70% of the world's poor live in rural areas and the vast majority of these depend on agriculture as their main income source. Investment in small farm agriculture can help to raise them out of poverty and catalyse wider economic growth, participants at "The Future of Small Farms" research workshop concluded.
The workshop was organised jointly by the International Food Policy Research Institute (IFPRI), Washington DC, the Overseas Development Institute in London and Imperial College London. It was convened to consider the prospects for small farmers in developing countries and the numerous challenges they currently face.
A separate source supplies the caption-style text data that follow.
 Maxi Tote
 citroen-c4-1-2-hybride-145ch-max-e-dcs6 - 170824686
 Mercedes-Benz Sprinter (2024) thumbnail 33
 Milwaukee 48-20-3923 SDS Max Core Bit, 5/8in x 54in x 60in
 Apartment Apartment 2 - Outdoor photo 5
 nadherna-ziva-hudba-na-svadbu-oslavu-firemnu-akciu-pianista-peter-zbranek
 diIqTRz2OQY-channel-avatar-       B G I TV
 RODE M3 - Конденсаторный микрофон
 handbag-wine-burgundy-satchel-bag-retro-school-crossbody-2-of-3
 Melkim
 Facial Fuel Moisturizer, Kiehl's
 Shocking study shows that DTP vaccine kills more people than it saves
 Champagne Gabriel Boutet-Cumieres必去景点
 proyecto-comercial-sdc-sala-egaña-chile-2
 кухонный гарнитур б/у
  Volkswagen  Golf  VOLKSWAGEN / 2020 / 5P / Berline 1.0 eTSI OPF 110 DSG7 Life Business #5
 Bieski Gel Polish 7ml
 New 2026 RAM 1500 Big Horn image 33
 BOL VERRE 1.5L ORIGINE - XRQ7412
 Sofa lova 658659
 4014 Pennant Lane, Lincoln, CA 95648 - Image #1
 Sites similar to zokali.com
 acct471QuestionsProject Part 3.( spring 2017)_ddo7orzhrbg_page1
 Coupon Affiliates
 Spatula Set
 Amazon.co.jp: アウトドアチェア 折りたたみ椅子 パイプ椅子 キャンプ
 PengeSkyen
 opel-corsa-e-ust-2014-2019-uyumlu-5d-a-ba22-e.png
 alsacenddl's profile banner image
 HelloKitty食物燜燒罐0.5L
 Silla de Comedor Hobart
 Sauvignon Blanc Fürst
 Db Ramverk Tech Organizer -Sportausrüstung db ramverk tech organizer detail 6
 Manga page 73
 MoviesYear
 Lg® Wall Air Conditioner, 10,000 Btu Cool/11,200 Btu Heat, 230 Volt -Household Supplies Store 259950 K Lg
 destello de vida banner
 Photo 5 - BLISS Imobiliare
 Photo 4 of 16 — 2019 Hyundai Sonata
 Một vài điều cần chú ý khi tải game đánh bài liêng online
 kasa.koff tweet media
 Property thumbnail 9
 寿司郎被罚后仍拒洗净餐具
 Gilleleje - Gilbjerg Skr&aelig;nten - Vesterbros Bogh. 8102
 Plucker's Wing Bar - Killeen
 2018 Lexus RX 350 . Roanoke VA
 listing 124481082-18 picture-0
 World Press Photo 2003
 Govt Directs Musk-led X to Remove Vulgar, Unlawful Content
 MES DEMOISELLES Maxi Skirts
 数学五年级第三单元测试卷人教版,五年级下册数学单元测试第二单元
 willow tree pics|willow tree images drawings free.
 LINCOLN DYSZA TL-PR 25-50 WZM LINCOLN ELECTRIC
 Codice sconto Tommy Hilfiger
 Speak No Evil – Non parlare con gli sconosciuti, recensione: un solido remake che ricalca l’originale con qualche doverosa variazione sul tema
These challenges include globalisation (especially the dramatic rise of supermarkets even in poor countries), low world market prices for major agricultural commodities and the expected negative impact of climate change. In Africa, these challenges are compounded by the spread of HIV/AIDS and by continuing population growth that is making small farms smaller than ever. In addition, dispersed poor farmers rarely have an effective political voice, so are often short-changed in government spending priorities.
Nevertheless, according to Dr.Peter Hazell, Director of the Development Strategy and Governance Division of IFPRI and one of the workshop organisers, "The difficulties facing small farmers and those who would assist them are not good reasons for giving up on the task, as some have suggested. The possibilities of creating sufficient alternative livelihoods in the non-farm sector within the next decade or two remain bleak in most poor countries, and there are plenty of good investment opportunities in small farms that are win-win for growth and poverty reduction."
The workshop participants agreed that:
- Major public investments in rural infrastructure (such as roads, irrigation and electrification), agricultural research and support services are needed to unleash the inherent power of small farmers.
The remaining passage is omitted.